Another point in our favour is that the Yoga philosophy differs from the Sāṃkhya mainly in this that the purushārtha or serviceability to the purusha is only the aim or end of the evolution of prakṛti and not actually the agent which removes the obstacles of the prakṛti in such a way as to determine its course as this cosmical process of evolution. Purushārtha is indeed the aim for which the process of evolution exists; for this manifold evolution in its entirety affects the interests of the purusha alone; but that does not prove that its teleology can really guide the evolution on its particular lines so as to ensure the best possible mode of serving all the interests of the purusha, for this teleology being immanent in the prakṛti is essentially non-intelligent. Thus Vācaspati says: “The fulfilment of the purpose of the purusha is not also the prime mover. God has the fulfilment of the purpose of the purusha as His own purpose, for which He behaves as the prime mover. The fulfilment of the purpose of the purusha may be regarded as cause only in the sense that it is the object in view of God, the prime mover.”[37]

The Sāṃkhya, however, hopes that this immanent purpose in prakṛti acts like a blind instinct and is able to guide the course of its evolution in all its manifold lines in accordance with the best possible service of the purusha.

The Pātañjala view, as we have seen, maintains that Īśvara removes all obstacles of prakṛti in such a way that this purpose may find scope for its realisation. Thus Sūtrārthabodhinī, IV. 3, of Nārāyaṇa Tīrtha says: “According to atheistic Sāṃkhya the future serviceability of purusha alone is the mover of prakṛti. But with us theists the serviceability of purusha is the object for which prakṛti moves. It is merely as an object that the serviceability of the purusha may be said to be the mover of the prakṛti.”

As regards the connection of prakṛti and purusha, however, both Sāṃkhya and Pātañjala agree according to Vijñāna Bhikshu in denying the interference of Īśvara; it is the movement of prakṛti by virtue of immanent purpose that connects itself naturally with the purusha.
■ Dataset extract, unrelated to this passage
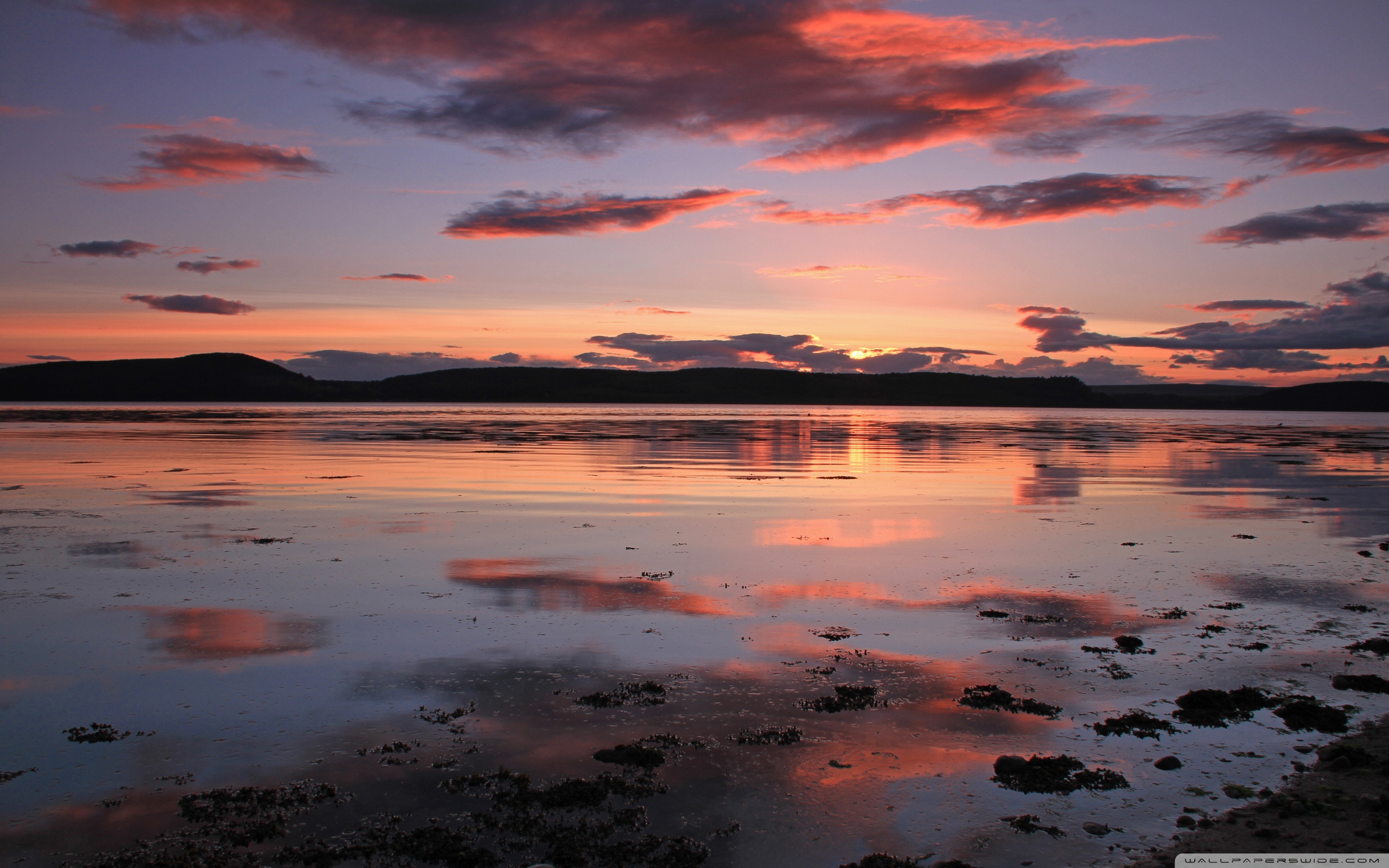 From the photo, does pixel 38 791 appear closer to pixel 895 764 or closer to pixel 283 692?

Vijñāna Bhikshu’s own view, however, is that this union is brought about by God (Vijñānāmṛta-bhāshya, p. 34).

To recapitulate, we see that there is an immanent purpose in prakṛti which connects it with the purushas. This purpose is, however, blind and cannot choose the suitable lines of development and cause the movement of Prakṛti along them for its fullest realisation. Prakṛti itself, though a substantial entity, is also essentially of the nature of conserved energy existing in the potential form but always ready to flow out and actualise itself, if only its own immanent obstructions are removed. Its teleological purpose is powerless to remove its own obstruction. God by His very presence removes the obstacles, by which, prakṛti of itself moves in the evolutionary process, and thus the purpose is realised; for the removal of obstacles by the influence of God takes place in such a way that the purpose may realise its fullest scope. Realisation of the teleology means that the interests of purusha are seemingly affected and purusha appears to see and feel in a manifold way, and after a long series of such experiences it comes to understand itself in its own nature, and this being the last and final realisation of the purpose of prakṛti with reference to that purusha all connections of prakṛti with such a purusha at once cease; the purusha is then said to be liberated and the world ceases for him to exist, though it exists for the other unliberated purushas, the purpose of the prakṛti with reference to whom has not been realised. So the world is both eternal and non-eternal, i.e. its eternality is only relative and not absolute. Thus the Bhāshya says the question “whether the world will have an end or not cannot be directly answered. The world-process gradually ceases for the wise and not for others, so no one-sided decision can be true” (IV. 33).